Chapter 94: Fitting In.

i've always been pretty good about sticking to who i am. of course, this definition has changed over the course of 25 years of my life, but for the most part, i have always determined that parameters that constituted "me." whether it was my "growing into my skin" phase in middle school to my goth/skater amalgamation phase in high school to my strictly jeans, tees, Converses and blazers look in undergrad, i kept my identity as fluid as i felt comfortable and as static as i needed.


when i entered the work force almost three years ago, i was ready to start all over again. i had a new job in publishing so i really wanted to impress. i took the age old adage "dress not for the job you have, but for the one you want" to heart. i really put myself into my look and i exuded that wonderfully naive confidence of a new college graduate. in tandem, i think both actually helped me to achieve more than i otherwise would have. i was fearless, ready to take on any challenge, willing to do anything, and was my own professional barbie.
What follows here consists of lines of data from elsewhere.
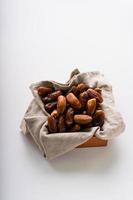 Dried dates fruit in wooden tray with soft napkin isolated on white background. photo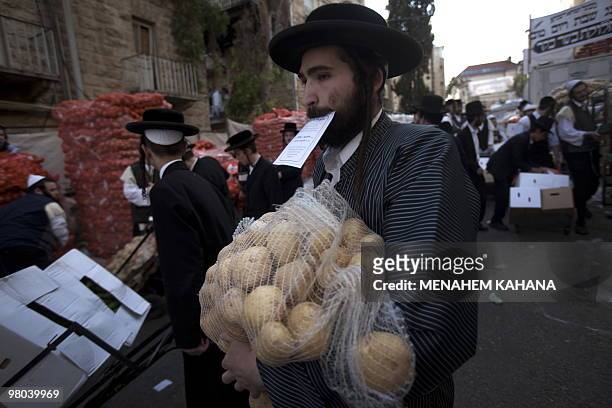 Ultra-Orthodox Jews carry donated food for poor families at a distribution center before Pesach holiday at a conservative Jerusalem neighbourhood on...
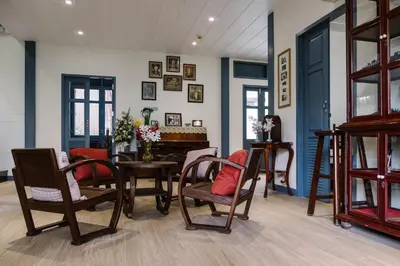 a dining room with chairs and a table and a room with blue walls at Baan Vajra in Bangkok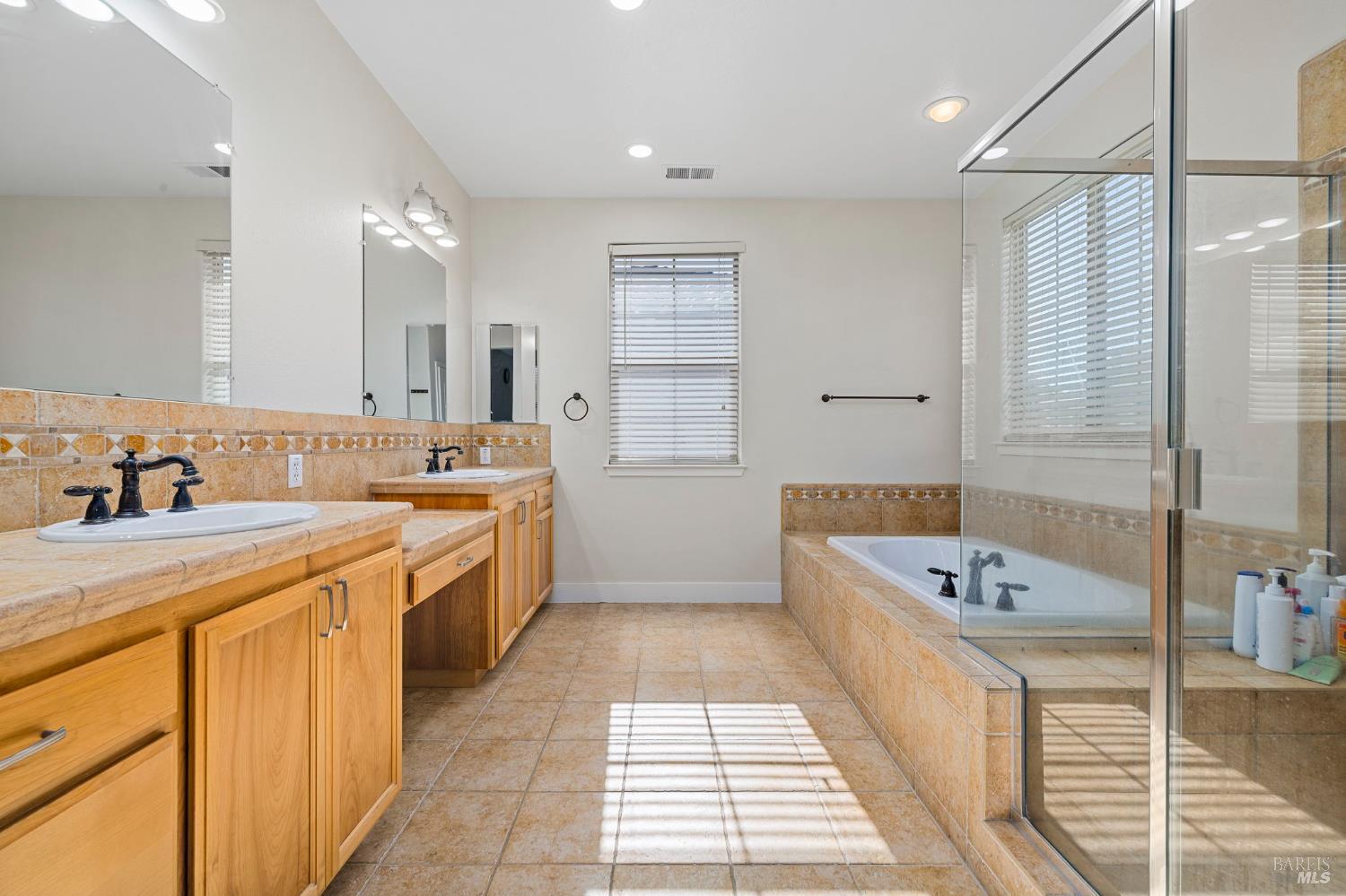 1461-1463 Trombetta Street Santa Rosa, CA 95407 - Photo 32 of 53 a large white bathroom with a tub sink and mirror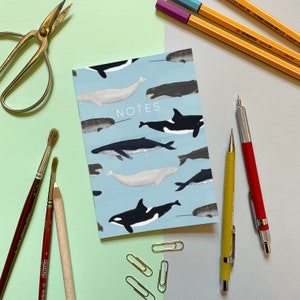 May include: A blue notebook with a whale pattern and the word "NOTES" printed on the front. The notebook is surrounded by pencils, pens, and paintbrushes on a light green surface.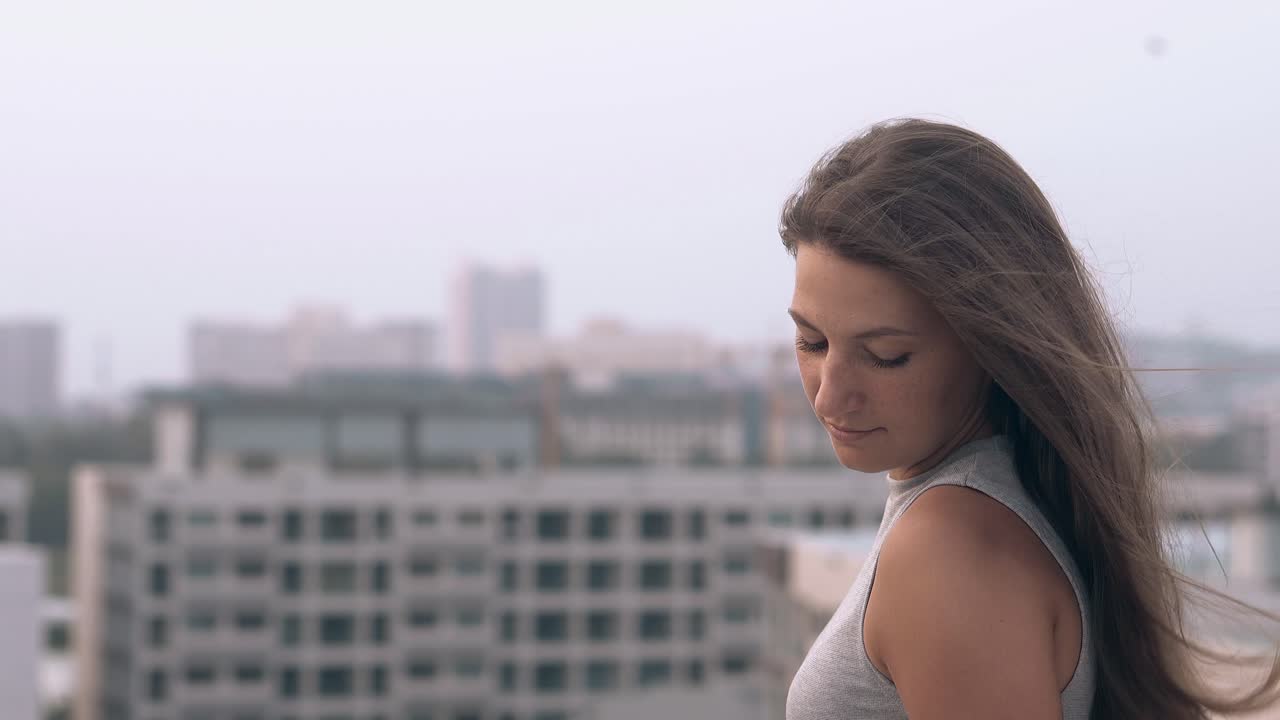 el viento sopla sobre la hermosa mujer sentada contra los hoteles borrosos
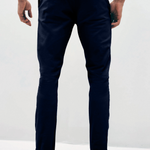 Mens Navy chinos with front slanted pockets, jetted back pockets. zip fly fastening and brown horne buttons on the waistband and back pockets, the fit is a slim fit, this is worn with a white tee and white unbranded trainers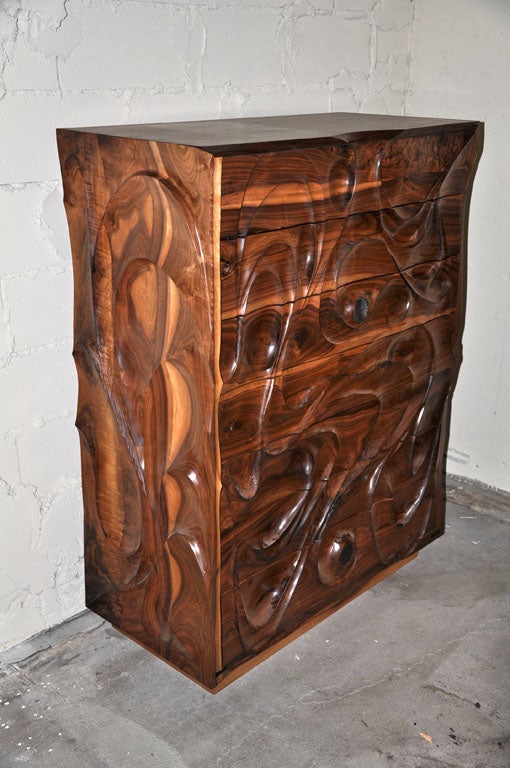 Solid black walnut dresser with carved out elements.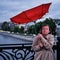 A woman with a red umbrella stands on a bridge in a strong wind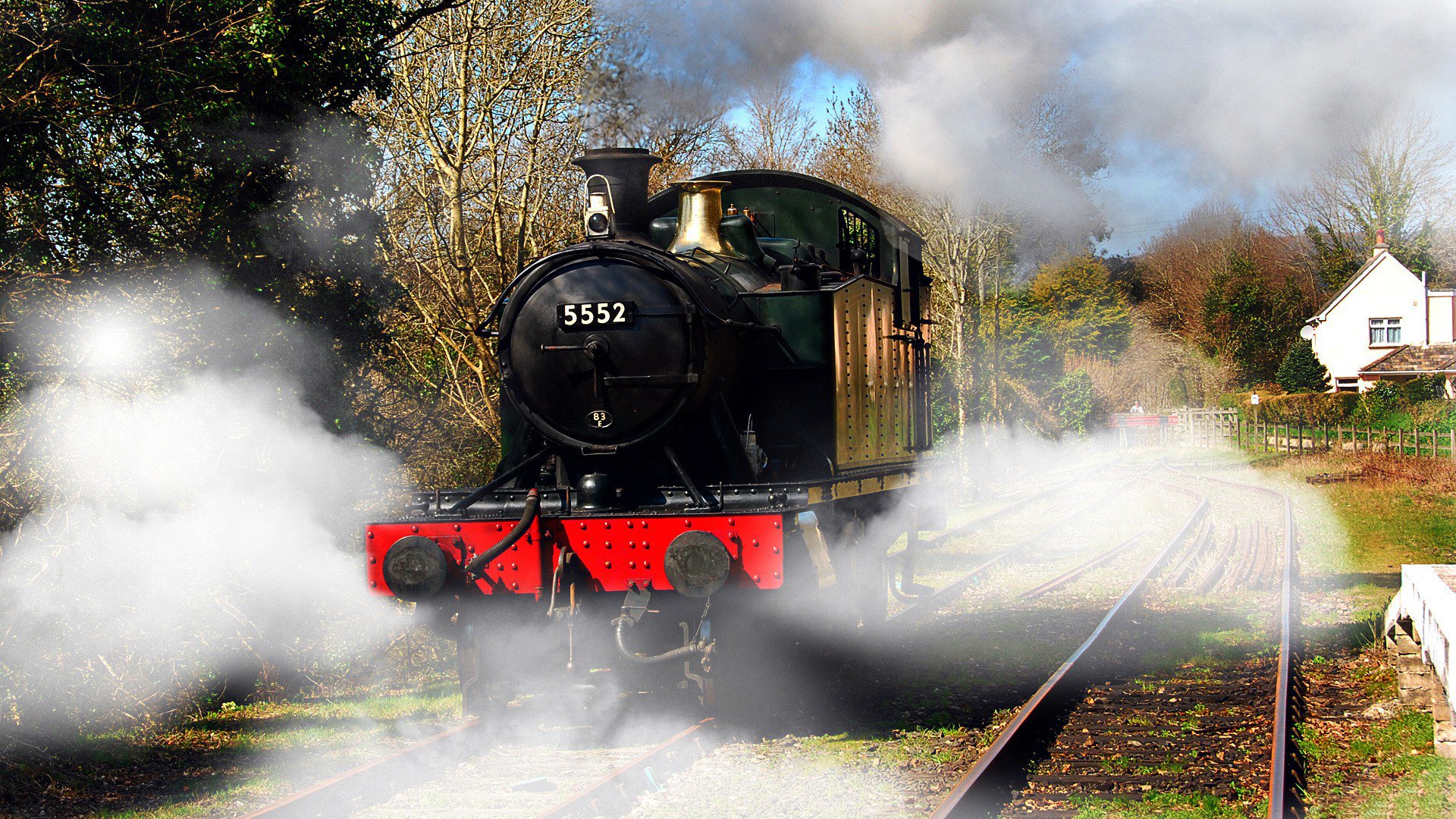 HD desktop wallpaper featuring a vintage steam locomotive numbered 5352, surrounded by billowing white steam on railway tracks in a scenic outdoor setting.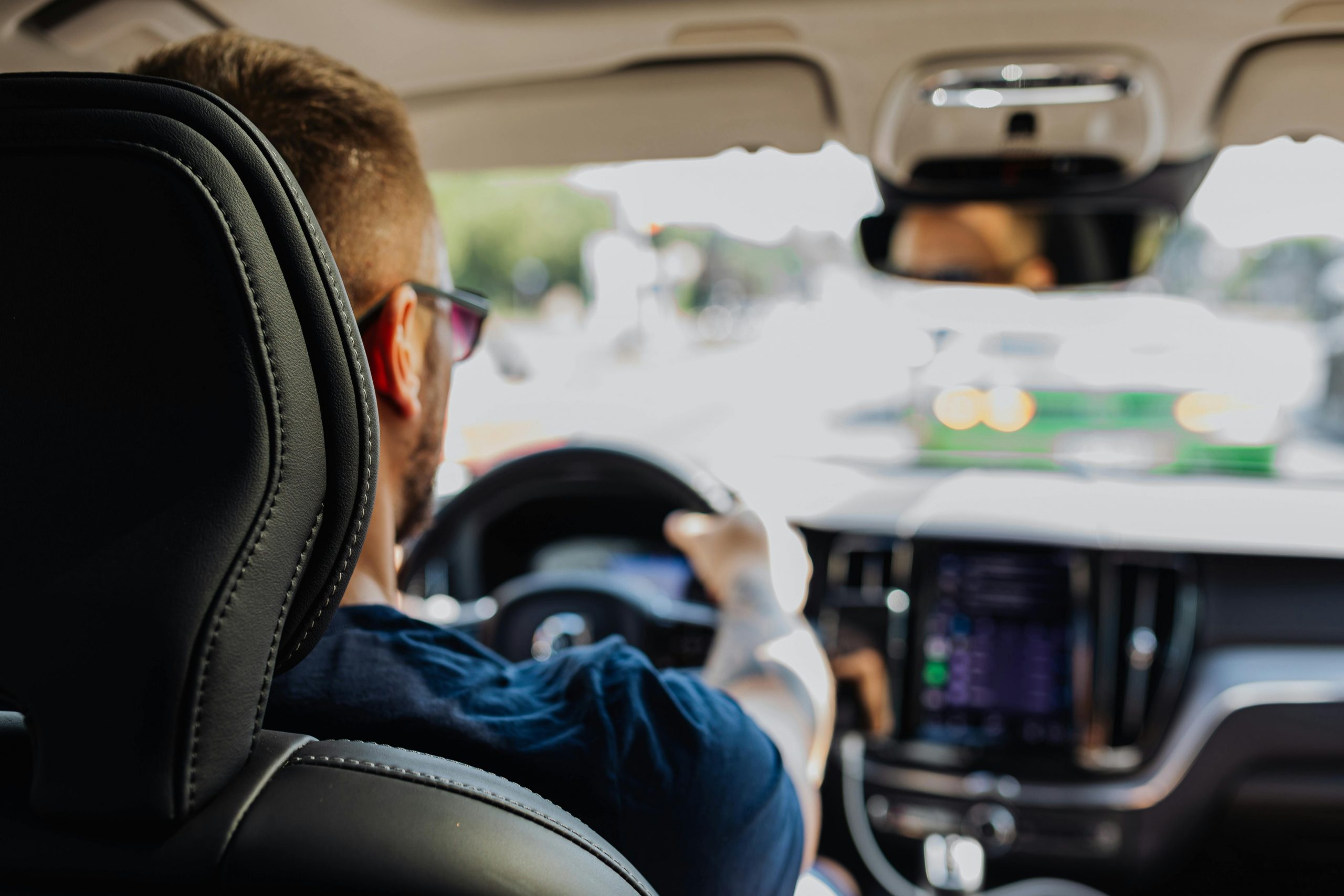 backseat view of a man driving a car, with hands on the wheel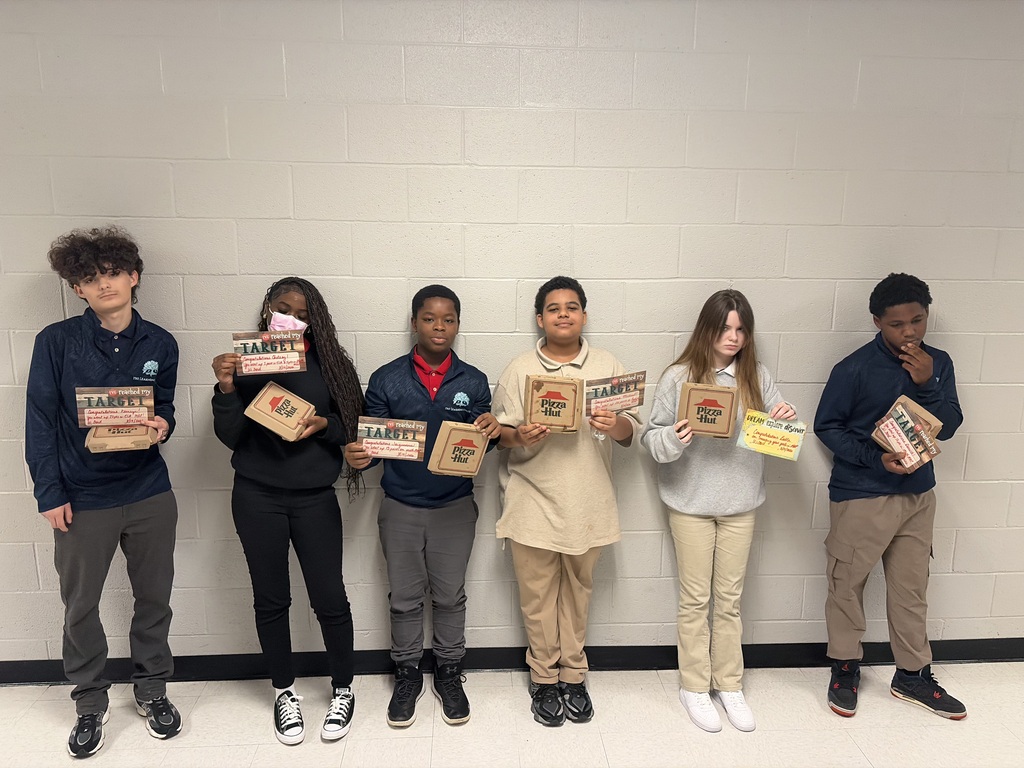 TLC students with gains in their MAP scores shown with their pizzas and certificates for their MAP test scores!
fast forward to 2.5 years later: starting a new job has been interesting for me because i'm in a parallel industry, but doing something very different. the very first thing that i've realized is that i managed to lose that confidence i had when i first started working. maybe my experiences have made me more cautious or maybe my environment is more intimidating or maybe i've been at the bottom of the totem poll for too long. regardless, that gumption i first had seems to have evaporated and that once effervescent girl is now shy and introverted. 


about two months in, i've found that i'm still not there. i spend every sunday night telling myself how i'll fix my situation and spend every friday looking back at how nothing changed. i'm hoping that my three month mark will be my sudden breakthrough on how to be me in my new surroundings.